# 3D Printing > General 3D Printing Discussion >  Do you use a dedicated Computer for your 3D Printer

## JamesTuthill

I am curious.  Do you guys have a specific PC/Mac/Laptop that you use specifically for 3D design and 3D printing?  I've found it easier to do this, as I can leave everything I need on a daily basis open without distracting me from my other computer stuff I do.

----------


## Davo

Yes, definitely.

----------


## My Thing in 3D

I have a PC I use as my primary computer for everything, but also have a couple laptops that are handy for some multitasking and on the go use. But my printer is stationary so is controlled by the stationary computer.
 I have the software on the laptops for my printer though, just in case I want to prep something when I'm out for printing once I get home.

----------


## 3dkarma

I use a raspberry pi running octoprint hooked up to one printer.  This gives me a web interface for controlling and monitoring the printer.  I've also got a pi camera hooked up so I can watch the print through the octoprint web interface from wherever I am.

It also means I can leave the printer unattended for long print jobs without having to leave a laptop or PC switched on and connected to it and lets me locate the printer a fair distance away from my desk without having to run a long USB cable.

----------


## Kingoddball

@ 3DKarma - Nice idea! I did this for awhile but I have poor Wifi range so I stopped. I'm going to be starting again.

I did have a dedicated laptop (EEE PC) but that died so now I'm just converting gcode on mac and then running to and from the garage with SD cards!  :Wink: 

Although! The Open Pandora can now control 3D Printers, so this will become my standard 3D print UMPC very soon.

----------


## 3dkarma

Save your legs.  Implement IPoAC (IP over Avian Carriers) between the house and garage.  Might take a little while for the gcode to load, though.

----------


## JohnA136

I have a dedicated laptop and usually print off an SD card.

----------


## old man emu

I have one PC in the workshop with XP as its operating system. I use it to run CNC and 3D CAM programs, as well as a CAD program. The PC is not connected to the internet.

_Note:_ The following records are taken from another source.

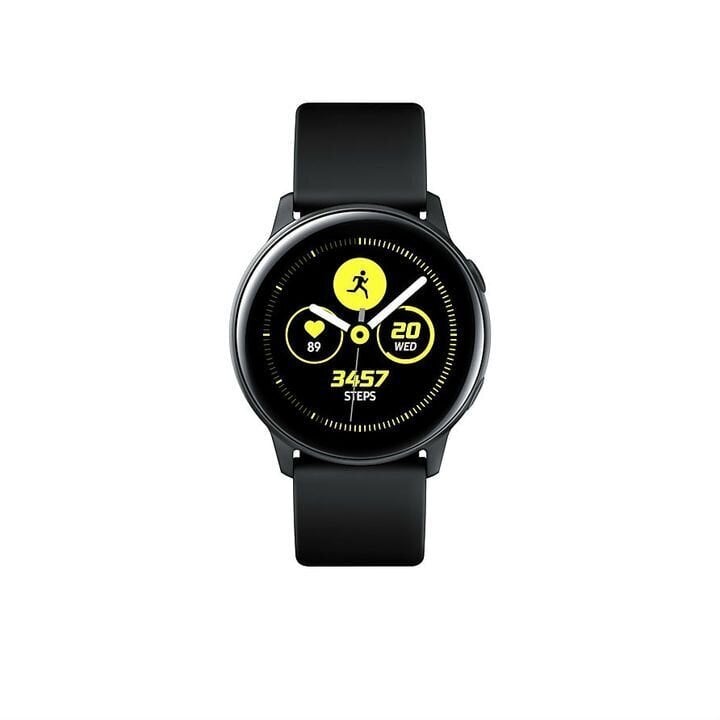 Samsung Galaxy Watch Active SM-R500 Black цена и информация | Išmanieji laikrodžiai (smartwatch) | pigu.lt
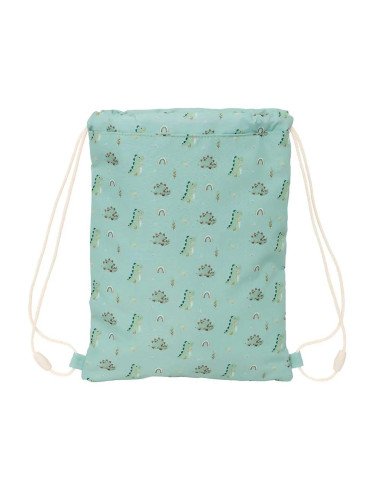Saco Plano Junior Safta Preescolar "Dinos" | Reino Escolar: Mochilas y Regalos
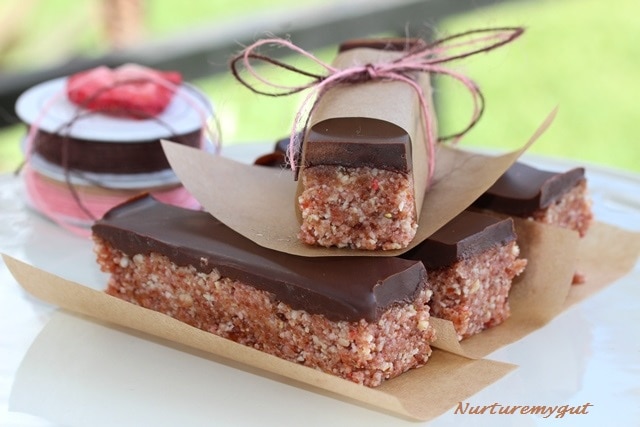 Strawberry Bars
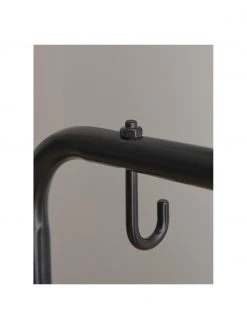 Kleiderständer Industri aus Metall in Schwarz, B 110 x H 131 cm -Schlafzimmer Verkäufe 2022 Kleiderstander Industri aus Metall in Schwarz 4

I have another PC in my home office which runs all my Office software, internet access software and slic3r. It runs Win 8.1. I use an SD card or USB thumb drive to take gcode files out to the workshop computer.

Old Man Emu

----------


## greatestalive

I don't have a dedicated PC, but I sure as heck wish I did.  Just can't afford another one after buying my 3D printer  :Smile:

----------


## kathyaj

I have a local (non-networked) computer hooked up to my ZCorp printer. I have to take my Solidworks files from my laptop on a flash drive to that computer for printing.

----------


## Geoff

I have a tablet attached to the side of the printer which can slip in and out easy, but I prefer to print off SD card. ReplicatorG sends the Gcode line by line, so if your PC crashes so does your print, so safer from SD card.

----------


## RapidProtoCo

I have a Ubuntu amachine that I have been using for fun, id love to get it printing, any recomendations of software I should start with?

www.RapidProtoCo.com

----------


## SteveJWilson

I don't currently have a dedicated computer to run my printer.  I'm currently running the software off of my everyday laptop.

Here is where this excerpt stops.